Spring for Apache Hadoop hits first major release
SpringSource release their Hadoop-helping project for Spring users, which aims to streamline the heavy lifting process for newcomers.
Almost a year to the day since its
opening milestone, Spring for Apache Hadoop
has reached its first major release, melding together the data
processing technology with the established Java EE
Hadoop might be written in Java, but it’s evolved since its
inception to include different components beyond HDFS and MapReduce
alone. With so many offshoot projects like Hive, Pig and HBase
performing key jobs in the guts of Hadoop, the
SpringSource team have spent much of the last
year making it easier for Spring users to get grips with
Hadoop’s many limbs, said
SpringSource’s Costin Leau. This has
been done by applying the familiarity of
Spring’s Template API design pattern, to
create helper classes.
The team also recognise that Hadoop applications can become
unwieldy if you add too many components to the mix. Leau says that
the team want to encourage a “start small and grow” approach
through the introduction of “various runner classes” for Hadoop’s
supporting cast (Hive, Pig, Cascading).
Integration with existing Spring projects aims to streamline
the heavy lifting process for newcomers. The use of Spring
Integration alongside Spring Hadoop allows developers to filter
event streams before they go into HDFS or into another NoSQL store.

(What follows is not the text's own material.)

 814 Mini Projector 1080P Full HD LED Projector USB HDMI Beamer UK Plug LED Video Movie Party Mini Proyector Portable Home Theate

Users can also upgrade to Spring Batch, a REST API which controls
the processing side of Hadoop.
With Spring’s roots firmly in the enterprise, portability is
another key design goal of the project. Leau says that they
are testing against
some of the major Hadoop
distributions (including Cloudera CDH3 and CDH4,
Greenplum HD) as well as the vanilla codebase to ensure
reliability. With Hadoop 2.0 still in the pipeline, there’s no
immediate plans to support the next major version, but Leau says
the team will keep a “close eye” on development.
The release has come at just the right time – with Hadoop
maturing and cementing itself as an enterprise technology of
choice, SpringSource are in a prime position to make Spring a key
component for big data developers’ stacks. Now the challenge is to
garner a strong community behind it.